[Records excerpted from a collection]
##########

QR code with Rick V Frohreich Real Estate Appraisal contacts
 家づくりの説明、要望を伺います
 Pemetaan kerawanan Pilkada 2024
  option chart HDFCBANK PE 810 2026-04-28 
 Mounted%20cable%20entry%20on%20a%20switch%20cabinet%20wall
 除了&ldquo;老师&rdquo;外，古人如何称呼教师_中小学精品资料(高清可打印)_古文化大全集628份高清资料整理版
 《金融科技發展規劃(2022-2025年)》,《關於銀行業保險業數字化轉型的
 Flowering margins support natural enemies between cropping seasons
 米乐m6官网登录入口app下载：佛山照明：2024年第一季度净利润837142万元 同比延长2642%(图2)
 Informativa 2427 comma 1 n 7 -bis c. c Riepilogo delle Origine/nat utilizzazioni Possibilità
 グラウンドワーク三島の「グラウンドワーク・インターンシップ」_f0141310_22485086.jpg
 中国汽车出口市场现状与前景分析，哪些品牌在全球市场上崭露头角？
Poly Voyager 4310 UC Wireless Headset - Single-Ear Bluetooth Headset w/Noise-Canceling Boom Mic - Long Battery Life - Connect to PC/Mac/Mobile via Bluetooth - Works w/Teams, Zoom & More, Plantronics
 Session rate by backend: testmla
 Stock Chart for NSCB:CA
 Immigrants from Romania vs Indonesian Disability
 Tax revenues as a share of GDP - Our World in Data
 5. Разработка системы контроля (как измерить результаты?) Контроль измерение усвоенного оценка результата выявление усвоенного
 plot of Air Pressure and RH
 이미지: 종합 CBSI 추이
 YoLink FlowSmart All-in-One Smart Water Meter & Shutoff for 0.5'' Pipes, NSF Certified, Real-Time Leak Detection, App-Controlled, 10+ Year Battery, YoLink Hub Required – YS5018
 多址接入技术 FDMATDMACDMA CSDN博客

##########

_Requirement_
All lines of the data above must be returned exactly.

_Task output_
QR code with Rick V Frohreich Real Estate Appraisal contacts
 家づくりの説明、要望を伺います
 Pemetaan kerawanan Pilkada 2024
  option chart HDFCBANK PE 810 2026-04-28 
 Mounted%20cable%20entry%20on%20a%20switch%20cabinet%20wall
 除了&ldquo;老师&rdquo;外，古人如何称呼教师_中小学精品资料(高清可打印)_古文化大全集628份高清资料整理版
 《金融科技發展規劃(2022-2025年)》,《關於銀行業保險業數字化轉型的
 Flowering margins support natural enemies between cropping seasons
 米乐m6官网登录入口app下载：佛山照明：2024年第一季度净利润837142万元 同比延长2642%(图2)
 Informativa 2427 comma 1 n 7 -bis c. c Riepilogo delle Origine/nat utilizzazioni Possibilità
 グラウンドワーク三島の「グラウンドワーク・インターンシップ」_f0141310_22485086.jpg
 中国汽车出口市场现状与前景分析，哪些品牌在全球市场上崭露头角？
Poly Voyager 4310 UC Wireless Headset - Single-Ear Bluetooth Headset w/Noise-Canceling Boom Mic - Long Battery Life - Connect to PC/Mac/Mobile via Bluetooth - Works w/Teams, Zoom & More, Plantronics
 Session rate by backend: testmla
 Stock Chart for NSCB:CA
 Immigrants from Romania vs Indonesian Disability
 Tax revenues as a share of GDP - Our World in Data
 5. Разработка системы контроля (как измерить результаты?) Контроль измерение усвоенного оценка результата выявление усвоенного
 plot of Air Pressure and RH
 이미지: 종합 CBSI 추이
 YoLink FlowSmart All-in-One Smart Water Meter & Shutoff for 0.5'' Pipes, NSF Certified, Real-Time Leak Detection, App-Controlled, 10+ Year Battery, YoLink Hub Required – YS5018
 多址接入技术 FDMATDMACDMA CSDN博客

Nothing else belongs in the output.